Cambridge Analytica was involved with the Brexit campaign, although it is still unclear just how much. What is clear, however, is some of the work that they did for Senator Cruz’s campaign and later Donald Trump’s:
“At Cambridge,” he [Alexander Nix] said, “we were able to form a model to predict the personality of every single adult in the United States of America.”
Thanks to this information, each bit of messaging could be uniquely tailored for the specific audience. An example he gave is that of gun rights. For a highly neurotic and conscientious audience, it’s all about the threat of a burglary, so the ad might show the hand of an intruder smashing a window. Alternatively, a closed and agreeable audience would care more about tradition, habits and family, thus their ad shows a man and a child standing in a field at sunset, shooting ducks. Sounds simple enough, but done consistently and on a large enough scale, you can sway the way people might vote.
Let’s pause for a moment and look at the scale. According to Nix, “Pretty much every message that Trump put out was data-driven”, with Trump’s team testing 175 000 ad variations for his arguments on the day of his third presidential debate with Clinton.
The messages differed for the most part only in microscopic details, in order to target the recipients in the optimal psychological way: different headings, colors, captions, with a photo or video. This fine-tuning reaches all the way down to the smallest groups, Nix explained in an interview with us. “We can address villages or apartment blocks in a targeted way. Even individuals.”
It’s scary enough when this is done with Facebook advertising, but it can go so much deeper.
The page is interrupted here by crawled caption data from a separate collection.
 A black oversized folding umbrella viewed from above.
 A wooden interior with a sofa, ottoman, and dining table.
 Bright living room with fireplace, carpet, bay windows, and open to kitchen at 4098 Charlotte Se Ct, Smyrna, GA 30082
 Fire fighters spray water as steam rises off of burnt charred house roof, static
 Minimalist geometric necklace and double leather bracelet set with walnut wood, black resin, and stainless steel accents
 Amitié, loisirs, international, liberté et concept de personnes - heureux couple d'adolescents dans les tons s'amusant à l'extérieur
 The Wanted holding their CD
Across all politics, one of the biggest things is people on the ground. These are people who literally go door to door, talking to undecided voters to try and get them to vote a certain way. While demographics have been used to help such canvassers for years, Big Data has made it much more specific:
From July 2016, Trump’s canvassers were provided with an app with which they could identify the political views and personality types of the inhabitants of a house. It was the same app provider used by Brexit campaigners. Trump’s people only rang at the doors of houses that the app rated as receptive to his messages. The canvassers came prepared with guidelines for conversations tailored to the personality type of the resident. In turn, the canvassers fed the reactions into the app, and the new data flowed back to the dashboards of the Trump campaign.
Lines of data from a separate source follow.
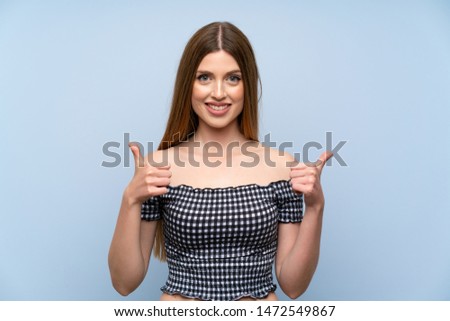Young woman over isolated blue background giving a thumbs up gesture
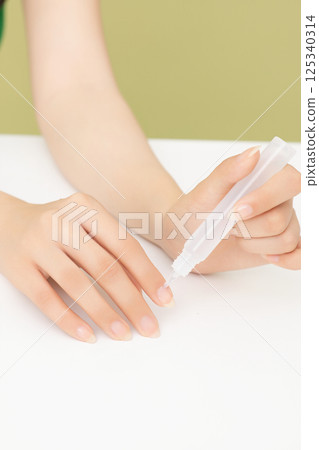 Woman's hands applying nail nourishment 125340314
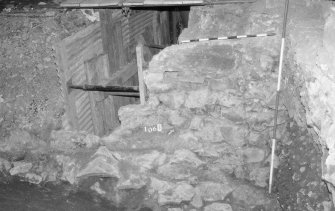Excavation photograph: area X - south wall of storekeepers house and construction 1344, from south-east.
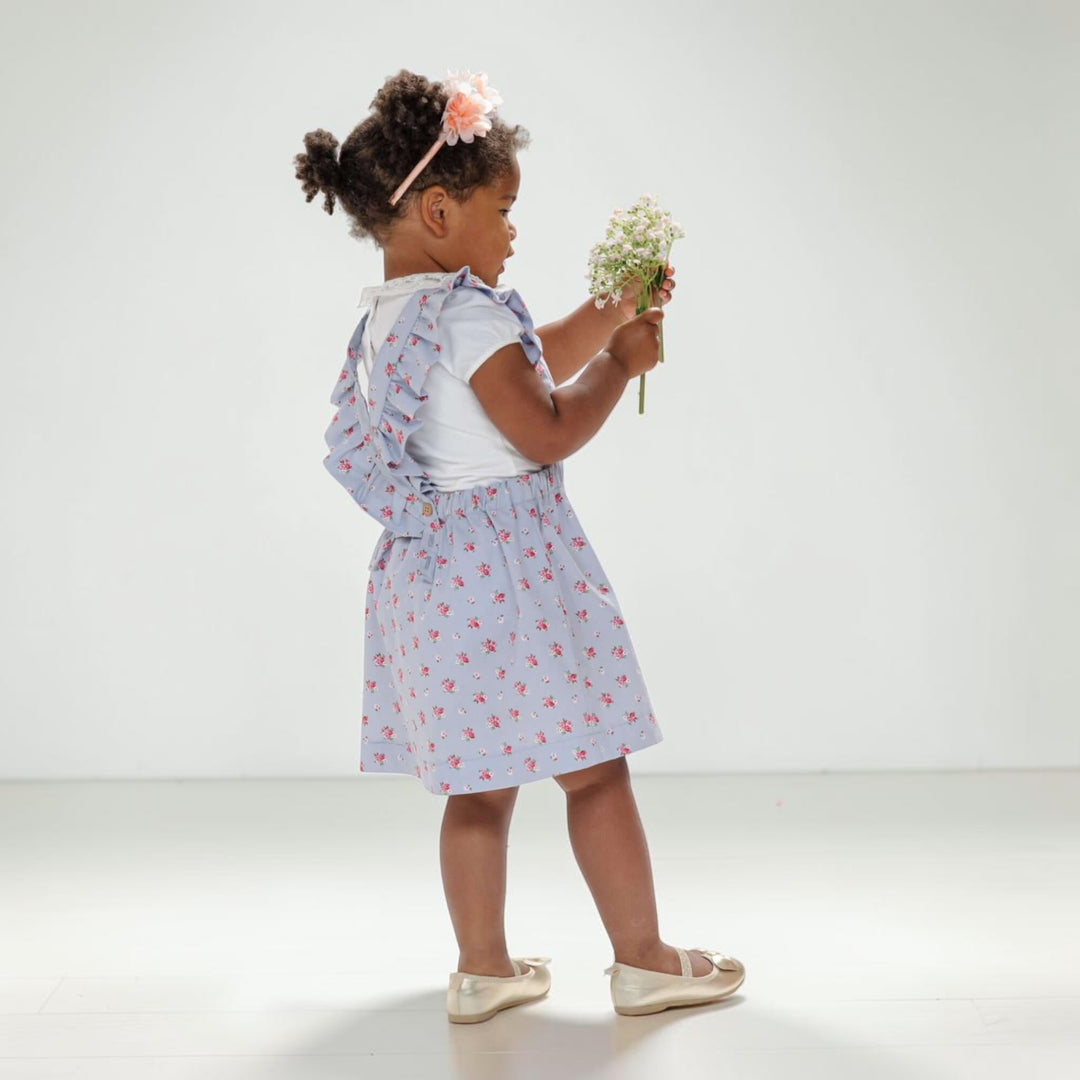 Latzkleid PDF Schnittmuster LIVIA – Rüschenkleid mit Trägern 68/74–116/122, kleines Mädchen mit Blumen im Kleid.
Again, this is nothing new. The Democrats did similar things, but there is no evidence that they relied on psychometric profiling. Cambridge Analytica, however, divided the US population into 32 personality types, and focused on just 17 states. And just as Kosinski had established that men who like MAC cosmetics are slightly more likely to be gay, the company discovered that a preference for cars made in the US was a great indication of a potential Trump voter. Among other things, these findings now showed Trump which messages worked best and where. The decision to focus on Michigan and Wisconsin in the final weeks of the campaign was made on the basis of data analysis. The candidate became the instrument for implementing a big data model.
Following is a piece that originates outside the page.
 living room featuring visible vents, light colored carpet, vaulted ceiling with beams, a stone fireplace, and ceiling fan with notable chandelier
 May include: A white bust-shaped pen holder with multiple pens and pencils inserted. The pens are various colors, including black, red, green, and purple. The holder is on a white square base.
Of course it is hard to put all the credit (or blame depending who you speak to) on Big Data. There were many factors that led to the Brexit vote, the election of Trump. However, the fact that messaging could be targeted in such a specific way is both inspiring and terrifying. This isn’t the kind of propaganda of old, where messaging was blatant and might only sway a small portion of society. This explains why many were shocked at the results – they weren’t even seeing the same ads, articles or message that others were. This is individually customized messaging, delivered on a grand scale, and it makes me wonder how all of us will be manipulated in future decisions – from elections to purchasing choices, it seems we are all susceptible to influence based on the massive amounts of data we’ve already shared.